Assuming you are talking about a wireless internet connection -- Linksys WGA600N is configurable via the HR2X DVRs. I currently have 2 in use.


----------



## BattleZone (Nov 13, 2007)

Any wireless bridge (also sold as wireless gaming adapters) will work, but DirecTV built support for the WGA600N directly into the HR2x series DVRs, so you can configure those directly from your remote. Any other wireless bridge requires configuring from the computer before connecting to the DVR.

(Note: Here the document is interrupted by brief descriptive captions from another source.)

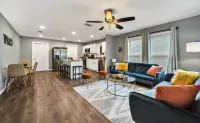 The Waco Charmer: Close to all the attractions!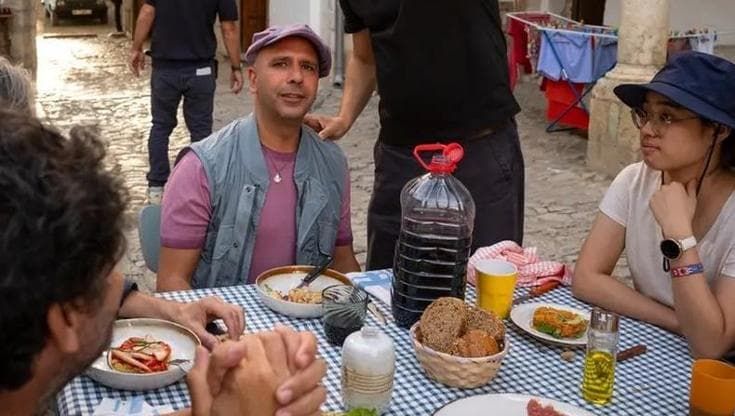Effetto Checco Zalone sui ristoranti: gli italiani riscoprono l’accoppiata cena-cinema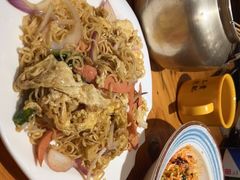 -喝丢一只鞋海鲜烧烤·海肠捞饭(文体街店)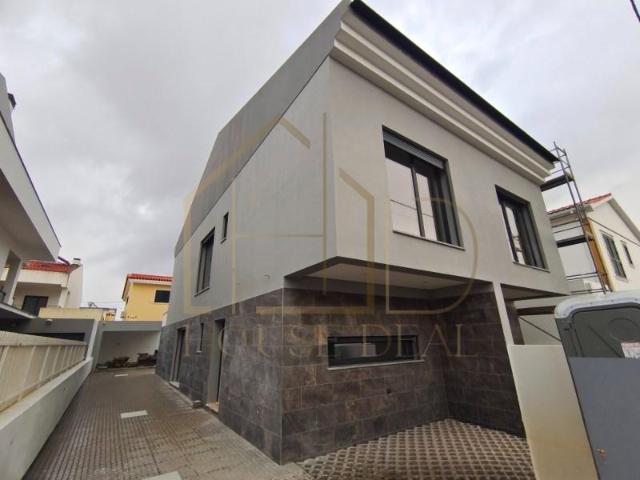 Casa venda em Seixal, Setúbal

The WGA600N is an "N" router, backwards compatible with G or even B, but on an N network, will give excellent performance that the older standards can't touch.


----------



## Movieman (May 9, 2009)

In terms of receiver it just needs to have an ethernet cable. I think most of them come this way now but just in case make sure you have an ethernet port in the back of your receiver.


----------



## dave29 (Feb 18, 2007)

I would suggest the Linksys WGA600N or WET610N.

The WET610 is just the new version of the 600.


----------



## ar331 (Aug 24, 2009)

Thanks for the quick replies. I found it at Amazon for $69.


----------



## pretzelbag (Dec 31, 2007)

dave29 said:


> I would suggest the Linksys WGA600N or WET610N.
> 
> The WET610 is just the new version of the 600.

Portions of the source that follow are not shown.